News & Barn notes

Cox-Trained Salute The Stars Upsets 1-2 Favorite Kingsbarns In Saturday’s TVG.Com Pegasus Stakes On Haskell Preview Day

June 17, 2023

Trainer Brad Cox made history a year ago when Cyberknife won the Haskell Stakes in record time. Now he has a chance to tie another prestigious record in Monmouth Park’s showcase race.

Salute the Stars, in Cox’s care for just the second race of his career, surged from off the pace to catch 1-2 favorite Kingsbarns on the way to a neck victory in Saturday’s $150,000 Pegasus Stakes for 3-year-olds on Haskell Preview Day at the Shore track.

By winning the Pegasus Stakes, the local prep for the Grade 1, $1 million Haskell Stakes on July 22, owners Gary and Mary West received a free entry and start fees to Monmouth Park’s premier race.
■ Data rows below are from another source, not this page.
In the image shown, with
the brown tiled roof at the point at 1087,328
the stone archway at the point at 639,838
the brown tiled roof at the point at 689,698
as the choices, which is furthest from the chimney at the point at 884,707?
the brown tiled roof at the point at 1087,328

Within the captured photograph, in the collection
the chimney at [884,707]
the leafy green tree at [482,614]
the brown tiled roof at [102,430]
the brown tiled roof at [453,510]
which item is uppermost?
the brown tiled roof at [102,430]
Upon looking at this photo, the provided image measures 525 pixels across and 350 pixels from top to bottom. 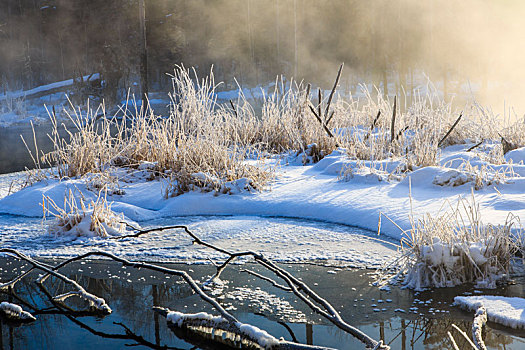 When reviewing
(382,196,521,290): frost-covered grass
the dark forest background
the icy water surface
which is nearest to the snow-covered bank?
(382,196,521,290): frost-covered grass

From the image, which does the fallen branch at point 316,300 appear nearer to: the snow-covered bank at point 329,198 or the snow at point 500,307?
the snow at point 500,307

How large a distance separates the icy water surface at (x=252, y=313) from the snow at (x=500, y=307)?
0.04 m

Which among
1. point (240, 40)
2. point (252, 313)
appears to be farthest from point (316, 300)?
point (240, 40)

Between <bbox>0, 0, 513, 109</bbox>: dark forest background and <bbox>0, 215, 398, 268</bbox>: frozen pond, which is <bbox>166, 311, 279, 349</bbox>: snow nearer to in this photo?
<bbox>0, 215, 398, 268</bbox>: frozen pond

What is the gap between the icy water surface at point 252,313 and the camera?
2145 millimetres

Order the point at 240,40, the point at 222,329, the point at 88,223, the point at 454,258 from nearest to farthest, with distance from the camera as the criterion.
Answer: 1. the point at 222,329
2. the point at 454,258
3. the point at 88,223
4. the point at 240,40

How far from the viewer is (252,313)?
7.87 ft

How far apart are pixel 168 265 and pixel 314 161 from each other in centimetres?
369

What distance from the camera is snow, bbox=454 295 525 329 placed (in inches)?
86.2

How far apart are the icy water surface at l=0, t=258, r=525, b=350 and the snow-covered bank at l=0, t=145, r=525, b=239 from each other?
1070 millimetres

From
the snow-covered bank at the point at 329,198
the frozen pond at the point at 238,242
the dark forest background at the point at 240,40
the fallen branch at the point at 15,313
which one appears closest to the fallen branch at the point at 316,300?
the fallen branch at the point at 15,313

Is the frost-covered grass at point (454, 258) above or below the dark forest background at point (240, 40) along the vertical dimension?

And that means Cox has a chance to match Bob Baffert as the only trainers in the race’s history to win it three straight years.

Cox won the Haskell in 2021 with Mandaloun and last year with Cyberknife.

“We’ll see (about the Haskell),” said Trace Messina, Cox’s assistant. “Obviously that’s an option. We have a lot of 3-year-olds in this division. But that’s a possibility for sure.”

Ridden by Joe Rosario, Salute the Stars, sent off at 5-2 in the field of six 3-year-olds, kicked off a stakes-filled 14-race card that saw the Chad Brown-trained Consumer Spending ($11.00) follow by winning the Grade 3 Eatontown Stakes by three-quarters of a length, out-finishing 13-10 favorite Surprisingly.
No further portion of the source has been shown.